On the last day of 2014, the major market narrative remains oil, as West Texas Intermediate crude futures are down more than 46 percent for the year, the largest annual price decline since their 61 percent drop in 2008. Many investors are looking beyond price movements, however, and focusing instead on what the impact of cheap oil will be on global fundamentals in the coming quarters. While the pain for energy export dependent economies is significant, the picture for the U.S. is quite different. For the ever important U.S. consumer, the boon of lower oil prices is twofold: cheaper gas at the pump and a Federal Reserve that can keep interest rates low, longer, as inflation remains below the central bank’s targets. Of course, these rosy conclusions are predicated on oil remaining cheap, a prospect that the recent budget announced by Saudi Arabia discounted with an $80 per barrel target. As Robert Savage, CEO and chief market strategist for New York–based hedge fund CCTrack Solutions, noted in a letter to investors yesterday, “The sharp drop in prices in 2014 seems out of character to how smooth oil prices have been traditionally — and that may mean we see a 2008–2010 like response back up in prices making the $65 a barrel average forecast too low for 2015 — with $80 the more logical bottom rung of the recent 5 year period.” Savage concludes that this scenario “would leave the growth hopes for 2015 dashed.”
Activity in Chinese factories remains sluggish. Revised December HSBC Purchasing Managers’ Index data released today in Beijing registered a contraction at 49.6, down from 50.0 in November. While a marginal improvement from the initial reading, the new figure suggests that the industrial sector in China remains under pressure caused by lingering excess capacity. The HSBC/Markit index, drawn from over 400 surveyed managers, focuses on smaller private sector companies than the official index scheduled for release by the National Bureau of Statistics tomorrow.
A busy day on tap for U.S. economic indicators. A slew of important U.S. economic data points will be announced today, including weekly initial jobless claims, pending home sales and weekly Energy Information Administration oil stockpile levels. Consensus forecasts are for jobless claims to rise by a modest margin while crude stockpiles are expected to remain at multidecade highs.
Commodity investors crushed. As the year comes to a conclusion, broad commodity indexes are set to lock in their largest annual losses since 2008 and their fourth consecutive annual decline. One small bright spot in commodities markets is gold, which has rallied in recent weeks, closing the decline in price for the year to just 0.3 percent and creating the possibility that the precious metal can finish 2014 in positive territory.
Portfolio Perspective: Positive Signals from the U.S. Consumer for 2015 — Adrian Miller, GMP Securities
Following the lead of the University of Michigan December consumer confidence survey, the Conference Board’s confidence survey marked a notable improvement in attitude this month, though somewhat less than expected.

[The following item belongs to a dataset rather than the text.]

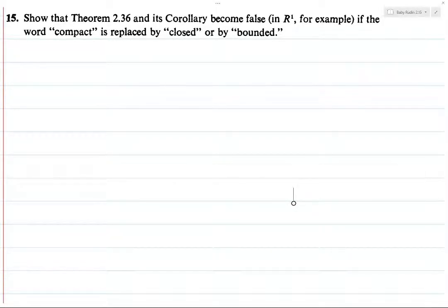Here's a standard exercise type where we take a theorem and say: we have these conditions, and if these conditions are true, then this other thing is true. But then you want to see if all of those conditions are absolutely necessary. And so in this case, for Theorem 2.3-6,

The Consumer Confidence Index increased to 92.6 in December, versus 91.0 in November (revised up from 88.7).
At 92.6 the Conference Board’s index has risen to the highest level since it hit 95.2 in October 2007. The increase in December’s reading was powered by a near 5 point increase in the present situation component, to 98.6. Yet, respondents’ view on expectations moderated somewhat, falling nearly a point to 88.5, though still very much elevated.
The bottom line is that U.S. consumers in general are feeling better about their financial situation, thanks to reduced energy prices, an increase in hiring and initial signs of gains in wage growth. All of these factors should bode well for personal consumption trends throughout 2015, as U.S. GDP growth could exceed 3 percent annually if energy prices remain subdued throughout the year.
Adrian Miller is the director of fixed-income strategies for GMP Securities in New York.